Pinus ponderosa "Cultivation Notes"


Pinus ponderosa / Ponderosa Pine
Bonsai cultivation notes

Position Ponderosa Pine prefers full sun; provide protection from drying winds in winter.

Feeding Provide micro nutrients after candles have extended but before the needles begin to extend (pineapple stage).  Feed every other week with a well balance fertilizer in summer after shoots have extended and needles have hardened.  Stop feeding when the day time temperatures exceed 93 degrees F.  Late summer and early fall feed every two weeks with a low nitrogen fertilizer to stimulate and enhance bud and root growth.  Stop feeding 2-3 weeks prior to the first frost.

Watering Water as needed throughout the growing season; a well draining soil is suggested poor draining soils will quickly lead to root rot, especially with newly collected specimens.

Re-potting re-pot in fall or early spring every three to five years, when the tree has become established re-pot as necessary when roots fill the pot.

Pruning Collected Ponderosas have a slow growth rate so keep pruning to a minimum.  Structural pruning should be executed in late fall or winter when sap flow has slowed down.  During winter bring them in for 24 hours to completely thaw out before pruning, wiring, or shaping.  Restrict candle pinching and shoot pruning to only the vigorous areas.  Utilize existing branches to their fullest potential; growing new branches can take many years.  Note: I have observed rapid growth in some specimens, where the shoots have extended up to 4 inches in one growth cycle.  In the fall after they have hardened off I have cut them back by ½ only to be rewarded with prolific bud back the following spring.  This also helped to balance the energy throughout the tree.

Needle Cutting Selectively cut needles only in very vigorous areas during the fall to equally distribute energy and bring light and air to the inner and lower branches.  For refined trees remove apical buds on vigorous shoots if extension is not required.
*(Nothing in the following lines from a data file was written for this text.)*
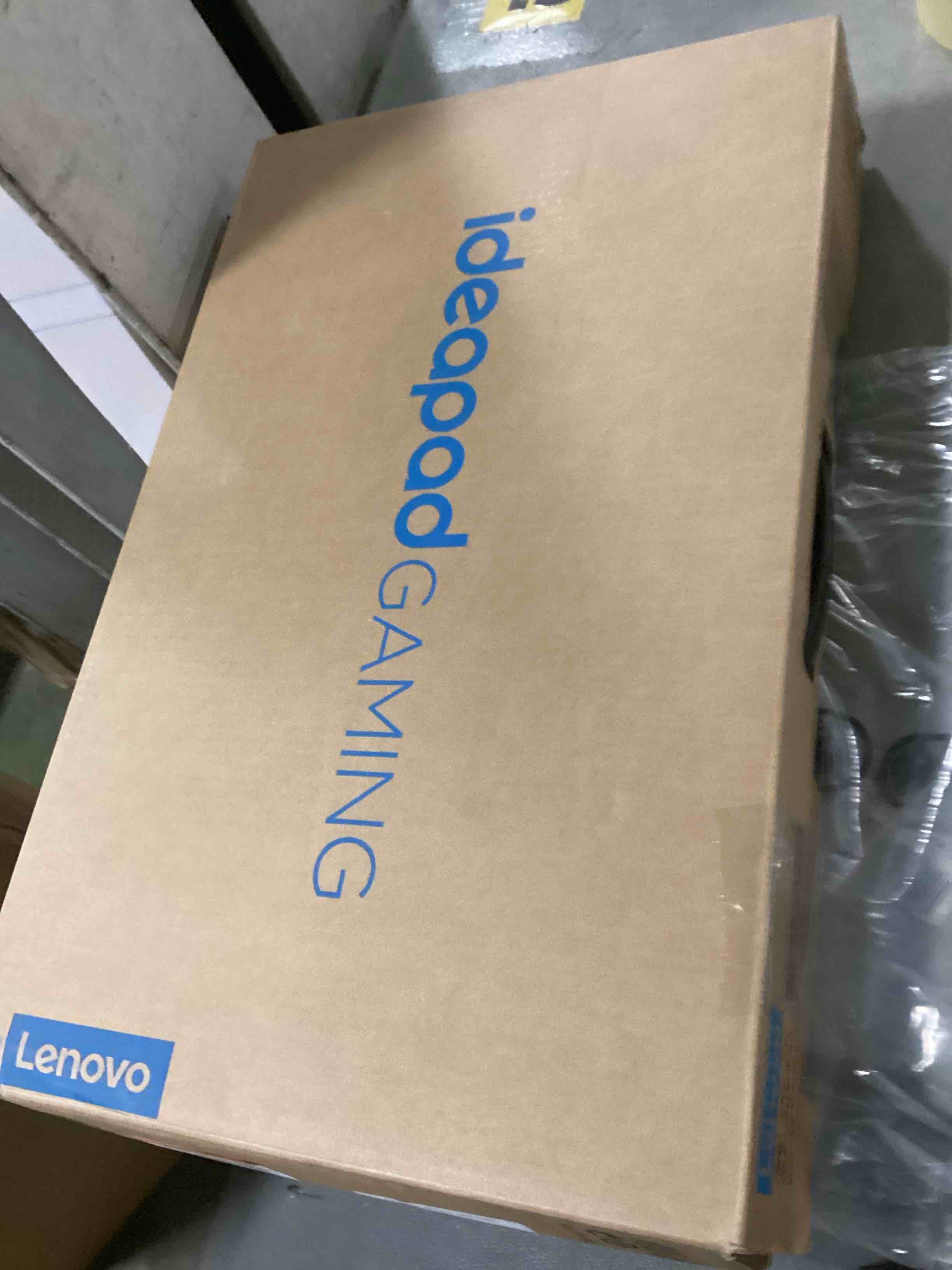 https://s3.amazonaws.com/lotting-images-prod/bidfta/PPE2226739_1739457063682.jpeg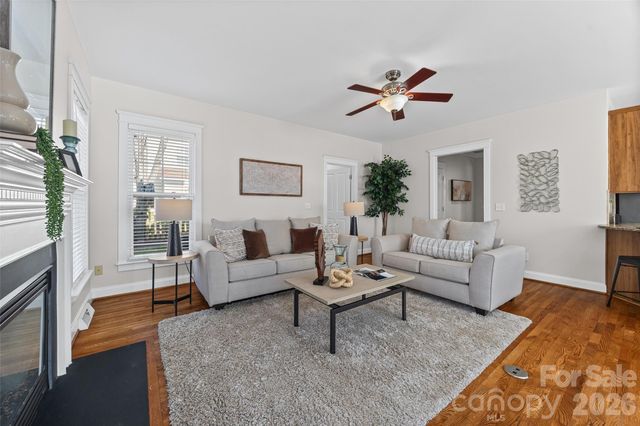 1039 Hunters Run Drive, Tega Cay, SC 29708
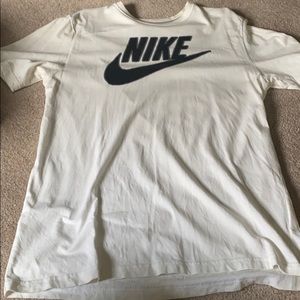 Nike t shirt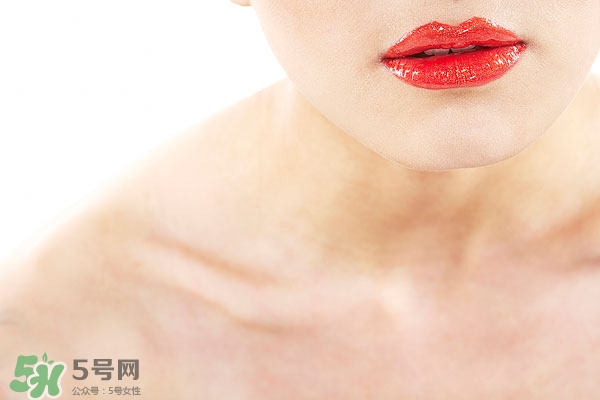 嘴唇起泡腫了怎么辦？嘴唇起泡腫了怎么消腫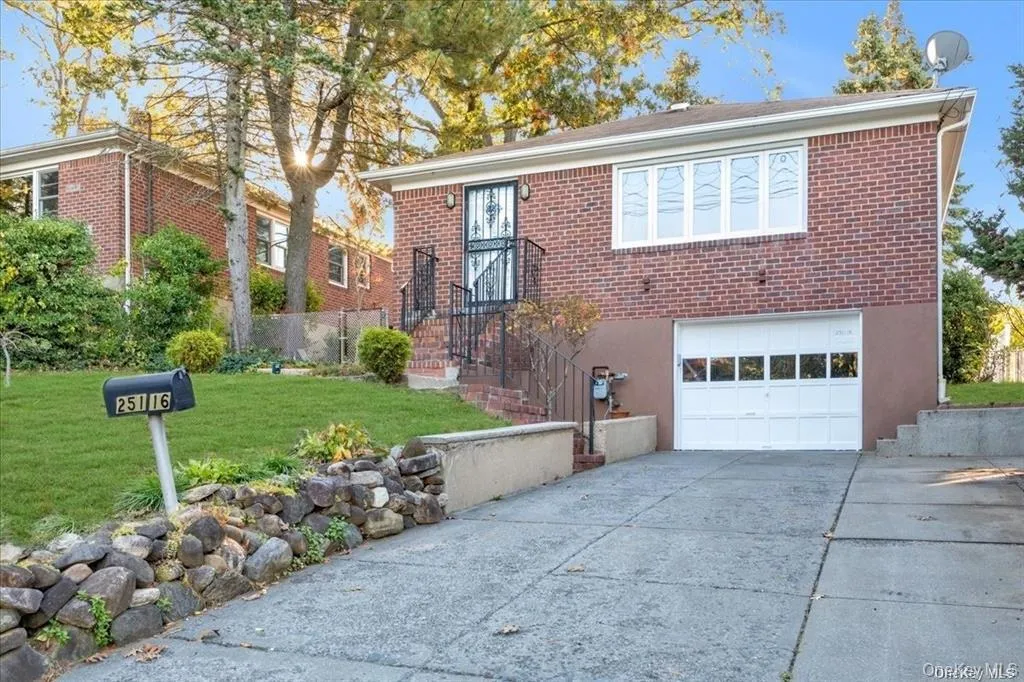 25116 Gaskell Road, New York, NY, 3 Bedrooms Bedrooms, 11 Rooms Rooms,3 BathroomsBathrooms,Residential Lease,For Rent,Gaskell,0,1029448 25116 Gaskell Road, New York, NY, 3 Bedrooms Bedrooms, 11 Rooms Rooms,3 BathroomsBathrooms,Residential Lease,For Rent,Gaskell,0,1029448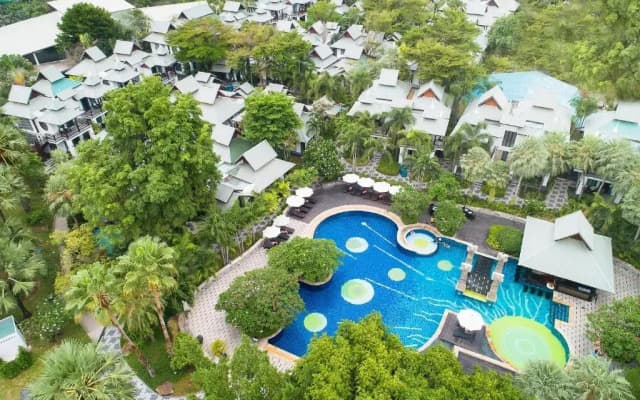 Отель The Zign Premium Villa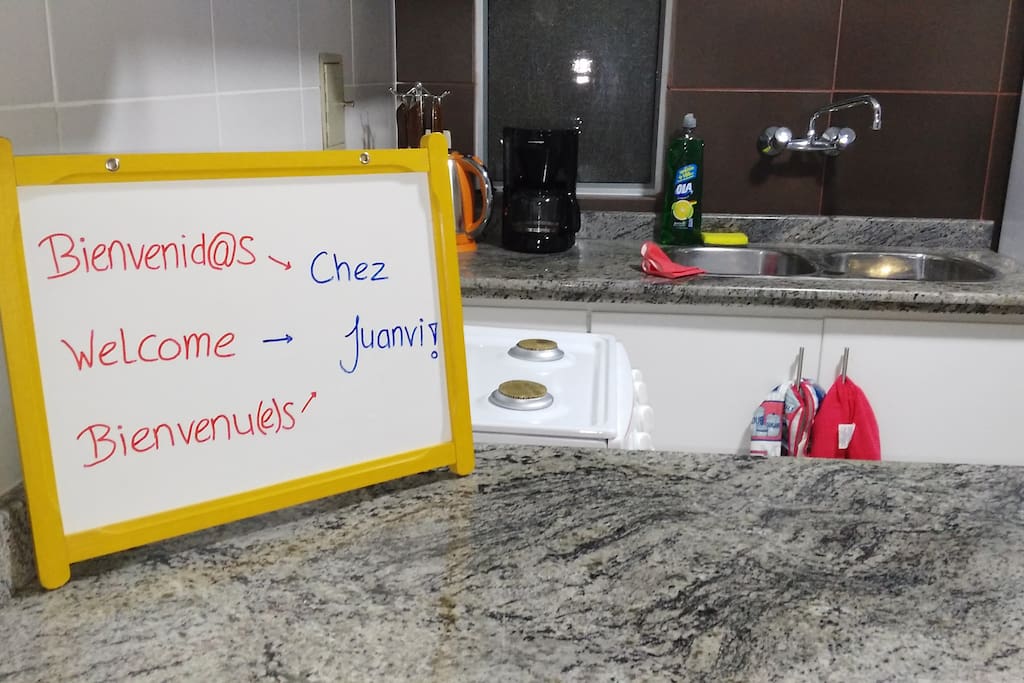 Bienvenid@s / Welcome / Bienvenu(e)s Chez Juanvi!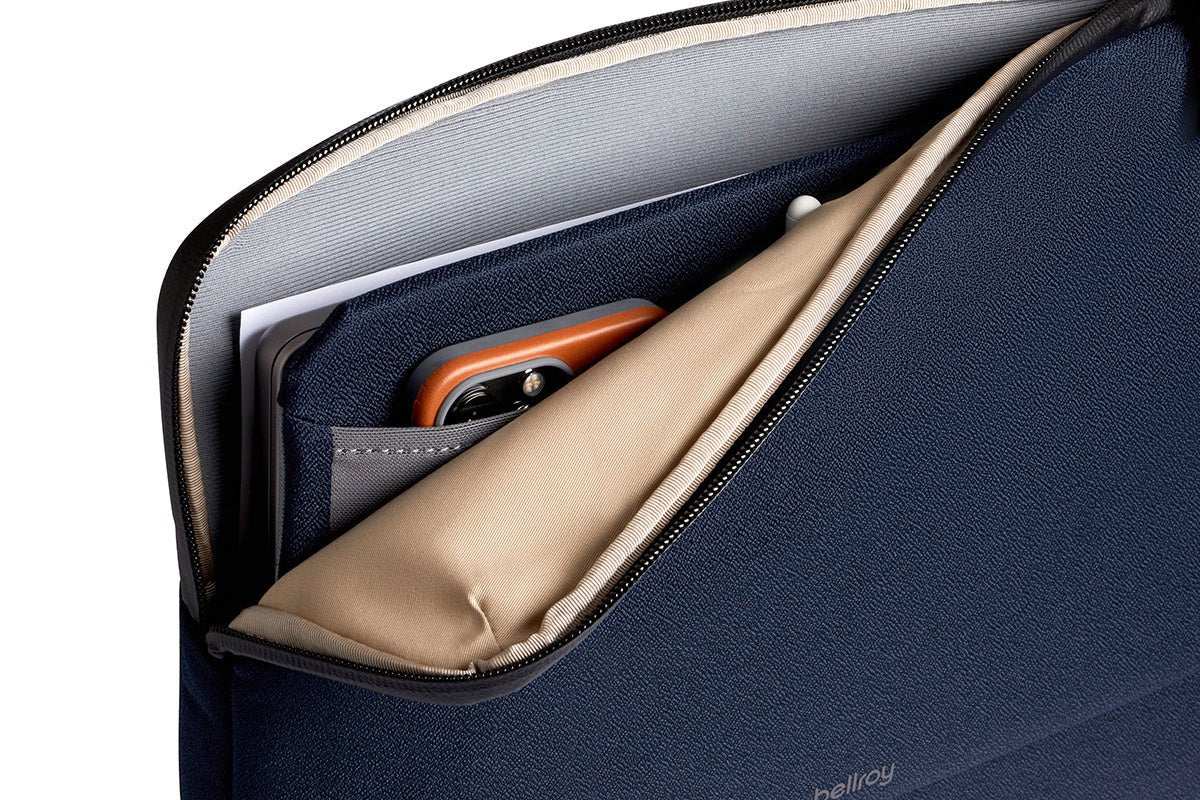 Bellroy Laptop Caddy 14" in Black - Getoutside Shoes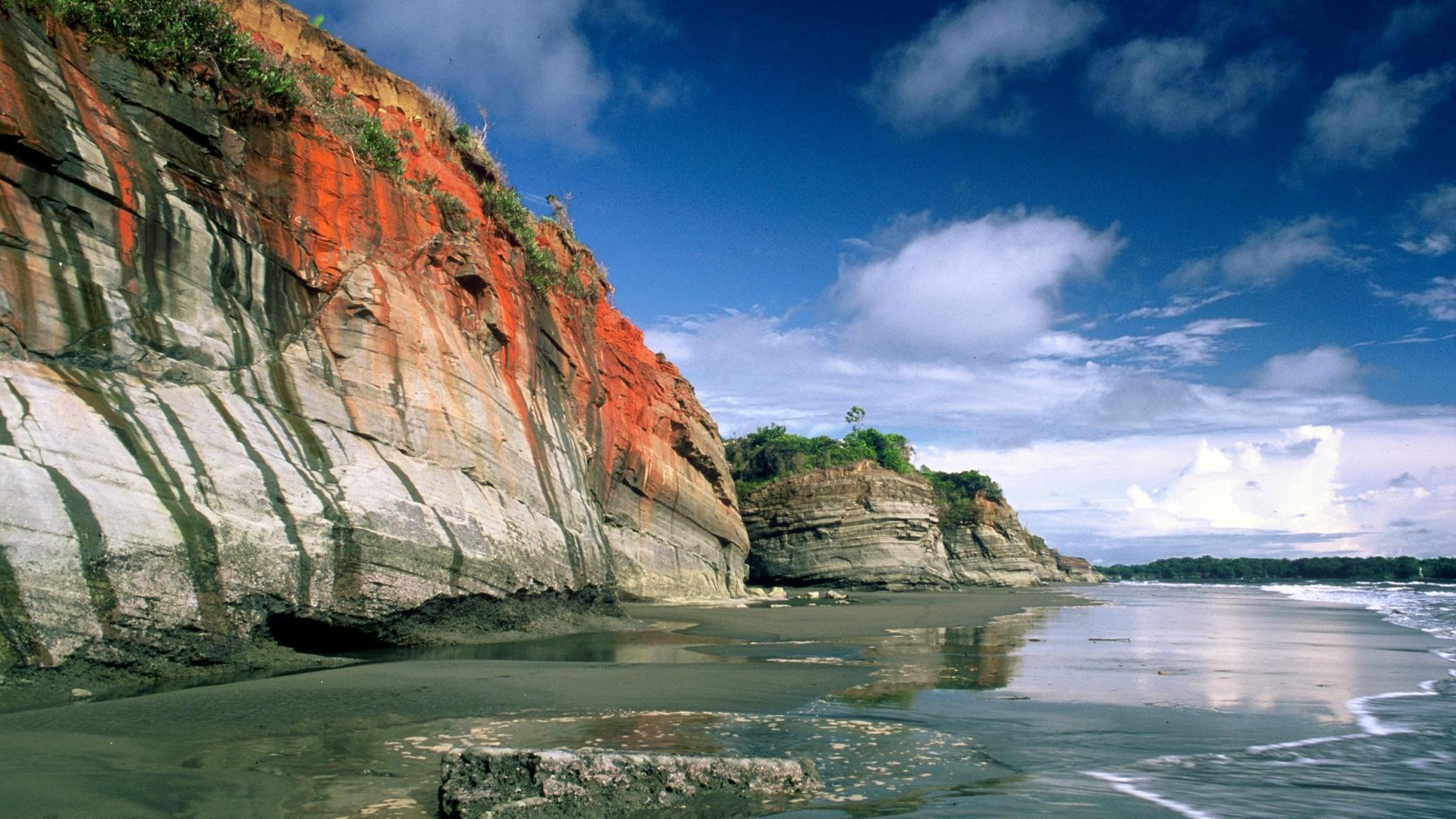 falaises sur les côtes de la baie de Málaga, dans l'écorégion de Chocó, Colombie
Collected Specimens & Pre-Bonsai Collect specimens in fall to take advantage of the second period of root growth.  The long fall season here in coastal Virginia seems to help them become established before winter sets in (1st week of January).  When collecting preserve as much of the root system as possible without disturbing the duff.  After transporting, wrap the long root extensions and the duff attached to the feeder roots, around the inside of the training pot.  Remove the original soil not the attached duff, keeping the roots moist and being careful not to damage the fine feeder roots.  Cut away dead roots and/or the tap root with a clean cut and seal with cut paste.  Save some of the original soil to reintroduce the microriza back into the soil.  Use a well draining soil mix to prevent root rot, water with Super Thrive (vitamin B) once a week for the first two weeks after collection.  Grow for one year without pruning allowing the root system to fully recover. Place newly collected specimens in partial shad until new buds have developed and new shoots have extended.  Note: I will only collect specimens if at least 40 percent of the fine feeder roots and duff can be preserved.  Specimens collected with less than 40 percent of the feeder roots will struggle during the next spring and may fail to produce buds and shoots the following year. If this occurs they will eventually becoming weak and die when the day time temperature exceeds 90 degrees F.  I have also observed that after collection some of the specimens will have needles that stand up and spread out after 3 weeks.  These are the trees that bud out first and grow profusely the next spring.  Following this procedure I have enjoyed an 85% survival rate.